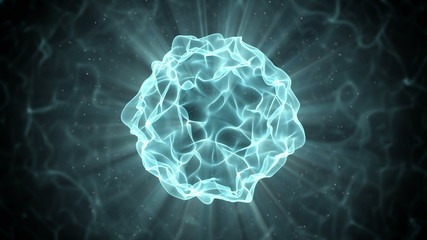 Wall Mural - beautiful blue plasma ball seamless loop animation 4k (4096x2304)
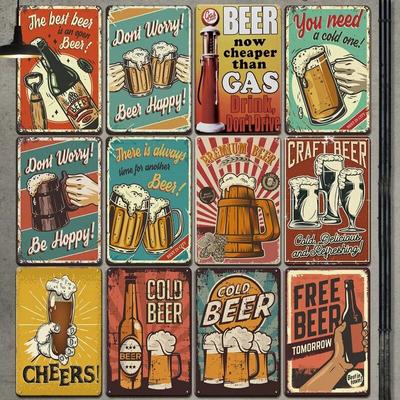 COLD BEER Signs Metal Plaque Beer Cheers Up Vintage Posters For Man Cave Bar Pub Club Tin Plate Art Wall Stickers Home Decor
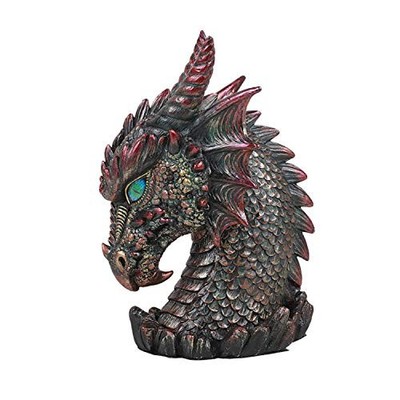Pacific Giftware Medieval Dragon Head Bust Resin Decorative Home Statue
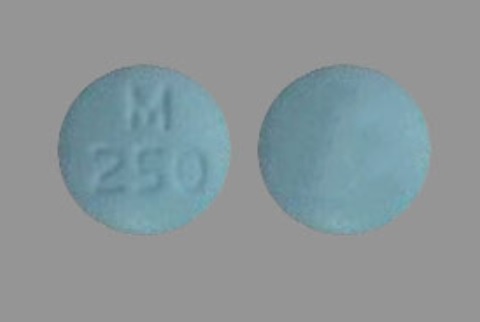 Pill M250 Blue Round is Metronidazole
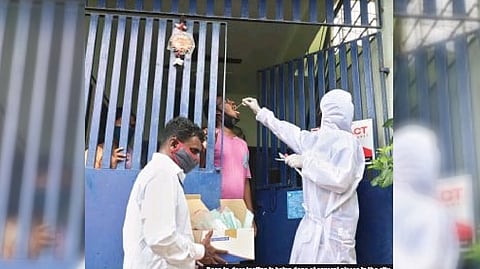 Door-to-door testing is being done at several places in the city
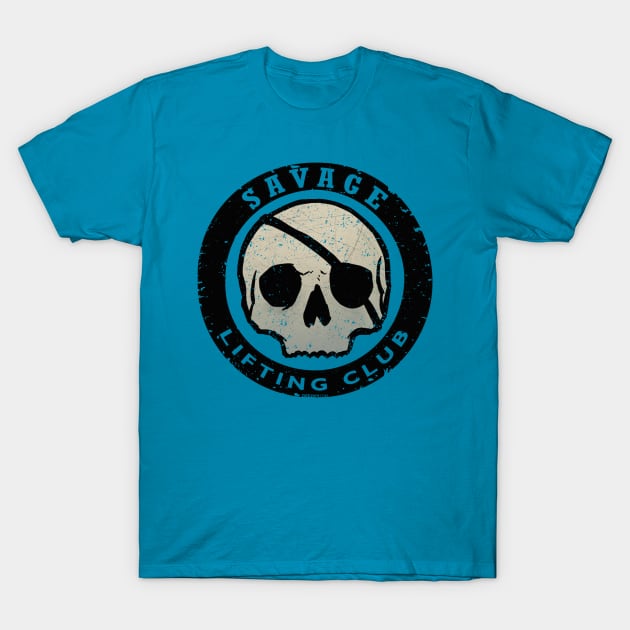 Savage Lifting Club Skull Badge T-Shirt by deezify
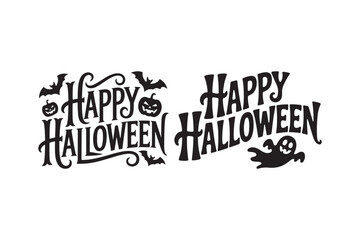 Happy halloween lettering with spooky bats and ghosts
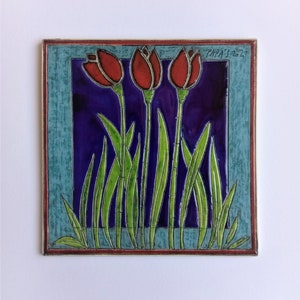 Ceramic tiles, Home decor tiles, Pottery tiles, Ceramic tiles, Flowers motif tile, Wall Hanging Tile, Floral Wall Hanging, Art Tile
■ ■ ■ ■ ■
=== EXERCISE DIRECTIONS ===
Above are the records. Copy exactly, and only, the lines from the line containing "Savage Lifting Club" through the last one, omitting any pictures.

=== RESULT ===
 Savage Lifting Club Skull Badge T-Shirt by deezify
 Happy halloween lettering with spooky bats and ghosts
 Ceramic tiles, Home decor tiles, Pottery tiles, Ceramic tiles, Flowers motif tile, Wall Hanging Tile, Floral Wall Hanging, Art Tile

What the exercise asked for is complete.